Discussão de acordo de cooperação seria sinal positivo para o Brasil

Apesar do clima de apreensão, Arthur Pimentel destaca que há sinalizações positivas do governo americano em relação ao estreitamento do comércio com o Brasil. Ele lembra que está marcada para o segundo semestre deste ano uma reunião de autoridades de ambos os países para discussão do Acordo de Comércio e Cooperação Econômica (Atec, na sigla em inglês).

O acordo foi assinado pelo ex-presidente Jair Bolsonaro (PL) ainda durante o primeiro mandato de Trump, com o objetivo de facilitar trâmites burocráticos nas trocas comerciais entre ambos os países. Em razão do Mercosul, o Brasil não poderia assinar tarifas diferenciadas com os EUA, mas é possível, por exemplo, reduzir barreiras, simplificar as questões alfandegárias, ampliar a prestação de serviços e investimentos.

Segundo Pimentel, o acordo demonstra uma boa vontade do governo dos EUA de zelar pelo bom relacionamento comercial. Para ele, assim como Trump utiliza a força comercial americana como ferramenta de persuasão nas negociações com Canadá e México, pode agir de forma semelhante com o Brasil.

Trump já abrandou suas próprias taxações ao aço e alumínio brasileiros

Nesse caso, a tendência seria de abrandamento das medidas ao longo do tempo. Não seria a primeira vez. Em 2019, o próprio Trump elevou as tarifas para o aço e o alumínio. Em dezembro daquele ano, durante seu primeiro mandato, o americano alegou que Brasil e Argentina, por meio da desvalorização de suas moedas, faziam mal ao produtor dos EUA.

“Brasil e Argentina estão promovendo desvalorização em massa de suas moedas, algo ruim para os nossos fazendeiros. Portanto, tendo efeito imediato, vou restaurar as tarifas sobre aço e alumínio que são importados pelos Estados Unidos desses países”, escreveu Trump em sua conta no então Twitter.

Naquele momento, as taxas eram de 0,9% para o aço e de 2% para o alumínio.

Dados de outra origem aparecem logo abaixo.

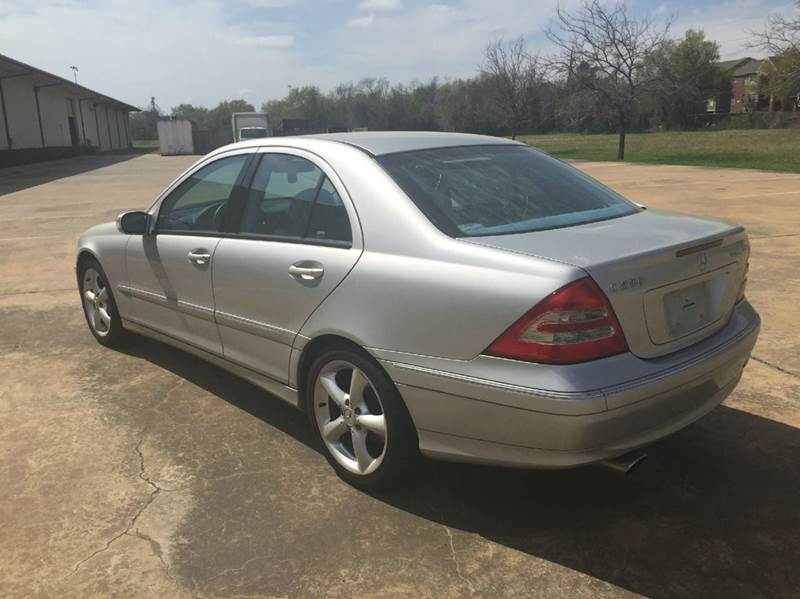 2004 Mercedes-Benz C-Class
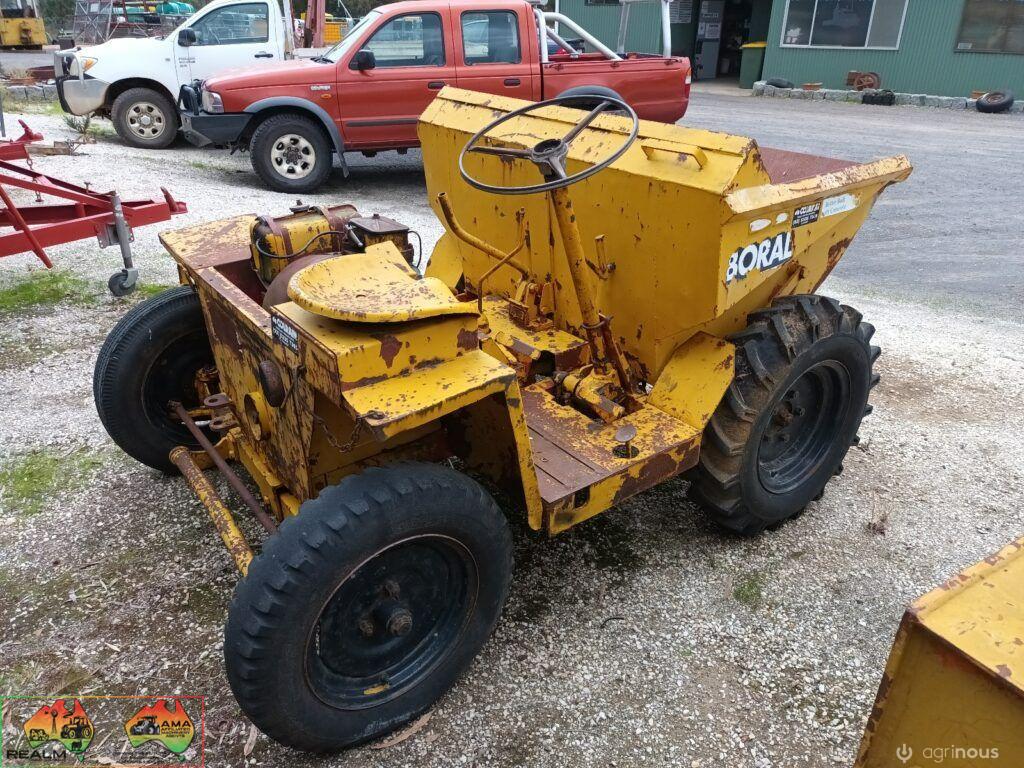 Ex-Boral Concrete Dumper - photo 4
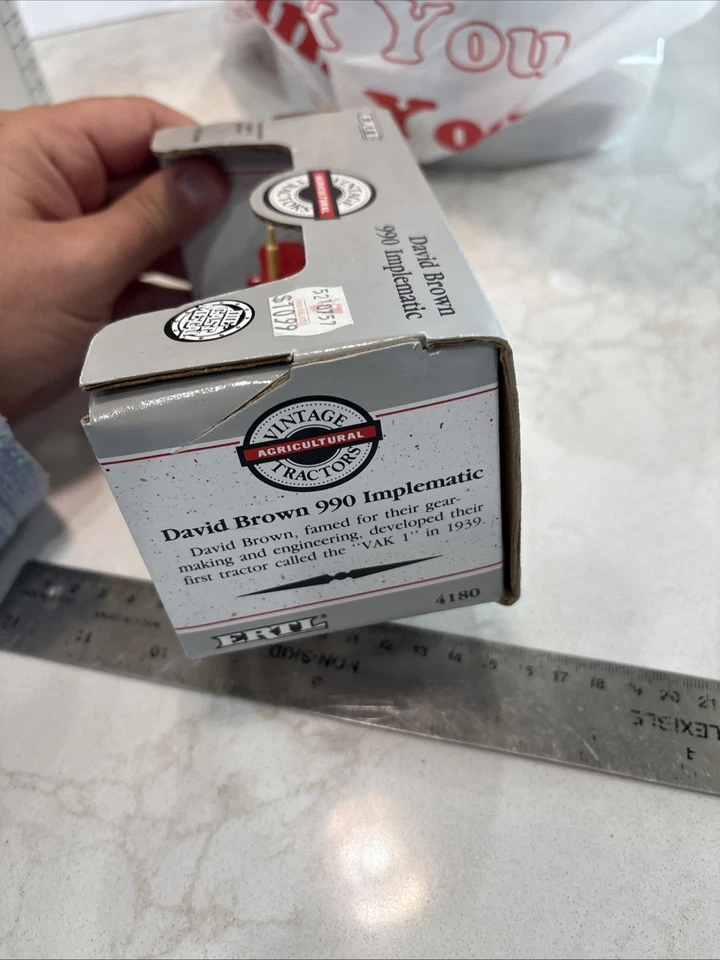 Case David Brown 990 Implematic Tractor ERTL 4180 1/32 scale - Image 4 of 4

Mas as negociações da diplomacia brasileira conseguiram reverter o cenário. O Brasil ficou isento da alta nas tarifas, mas enfrentou cotas que limitavam o envio dos produtos aos EUA. As restrições foram revertidas no governo de Joe Biden.

Welber Barral afirma que, nessa ocasião, os Estados Unidos abriram exceção para Canadá, México e depois para Ucrânia e para vários tipos de produto. “Então a gente tem que ver como é que eles vão reagir dessa vez também”, concluiu.